Only an exact copy of the lines from the one containing "Dad and Daughter" through the last line of the material below belongs in the answer, with no pictures.

#####

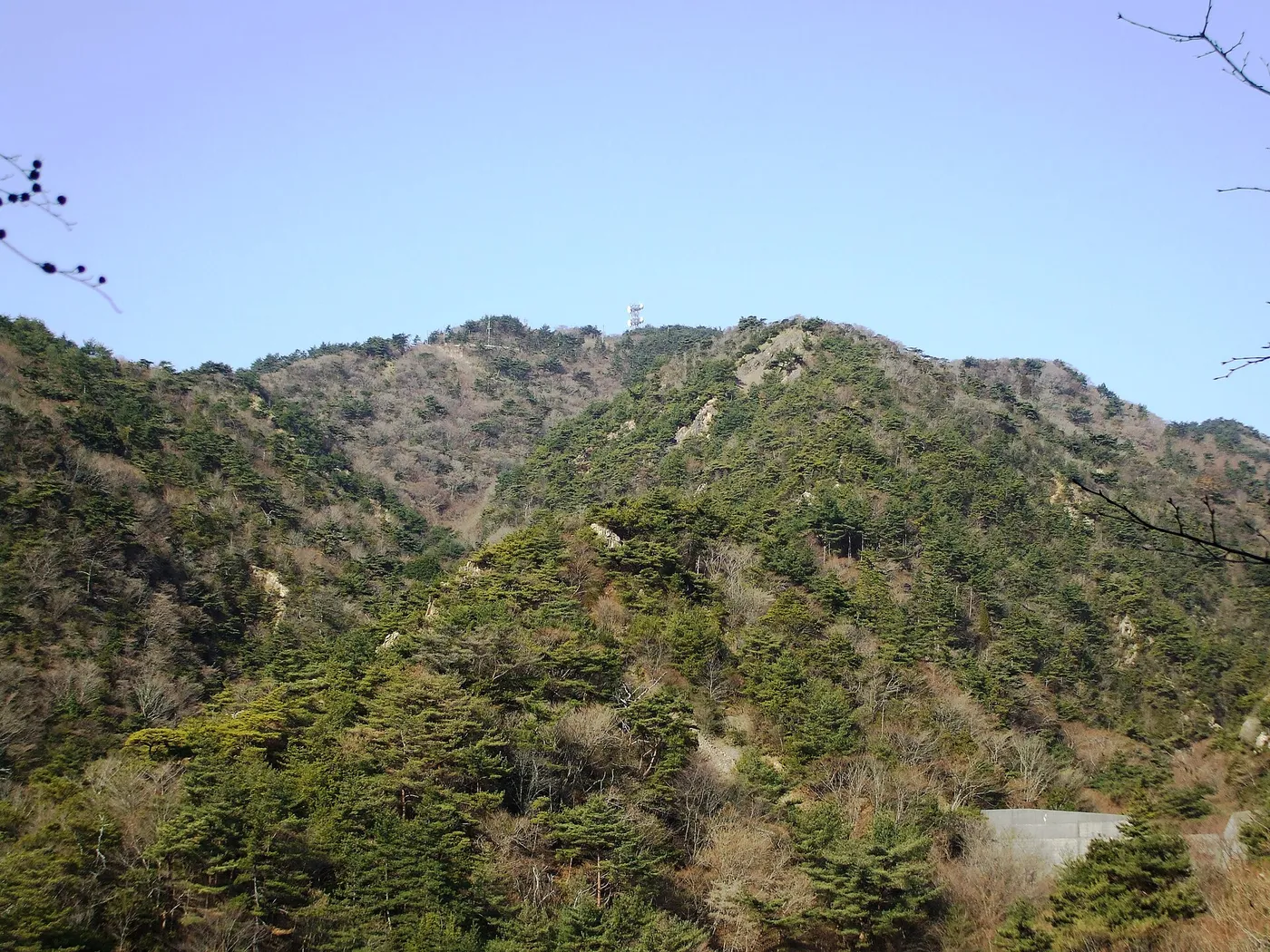 The rounded, partly wooded summit of Mount Rokko seen from the southeast under a clear winter sky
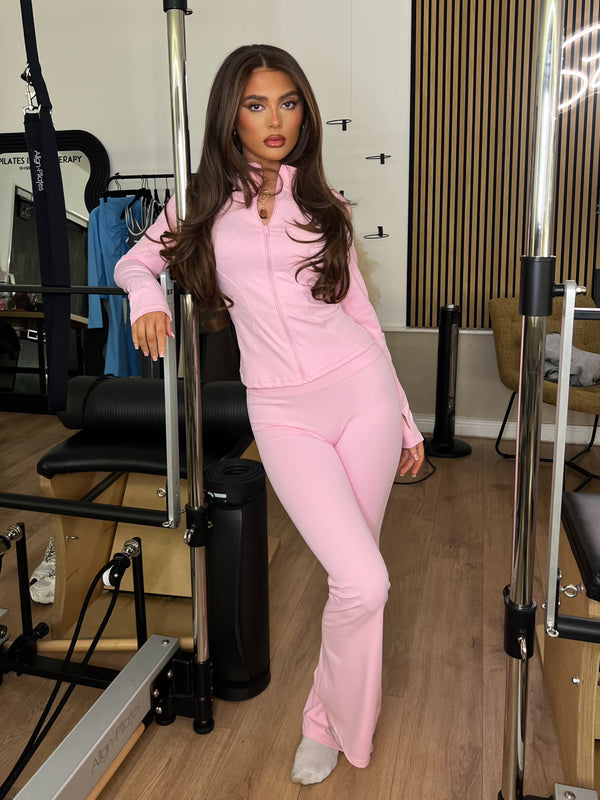 Pink Zip Jacket & Wide Leg Trouser Gym Set women's athleisure set, front view in Pilates studio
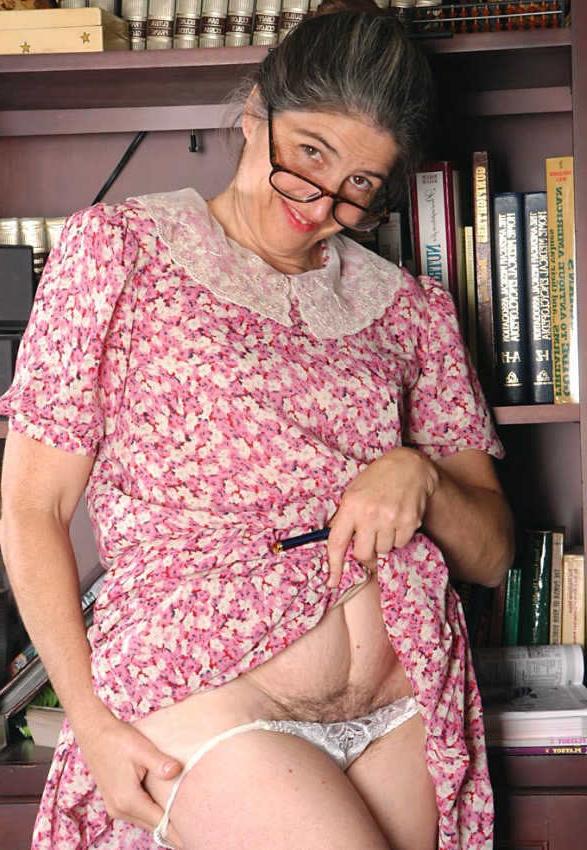 20P Horny granny shows pussy in library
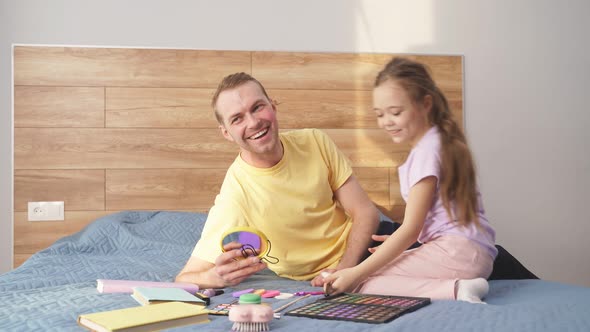 Dad and Daughter are Preparing for Halloween are Going to Do Bright Makeup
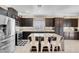 Stylish kitchen features dark wood cabinets, stainless appliances, granite counters, and a central island with bar stools at 10135 Haymarket Peak Ave, Las Vegas, NV 89166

#####

EXPECTED ANSWER >>
 Dad and Daughter are Preparing for Halloween are Going to Do Bright Makeup
 Stylish kitchen features dark wood cabinets, stainless appliances, granite counters, and a central island with bar stools at 10135 Haymarket Peak Ave, Las Vegas, NV 89166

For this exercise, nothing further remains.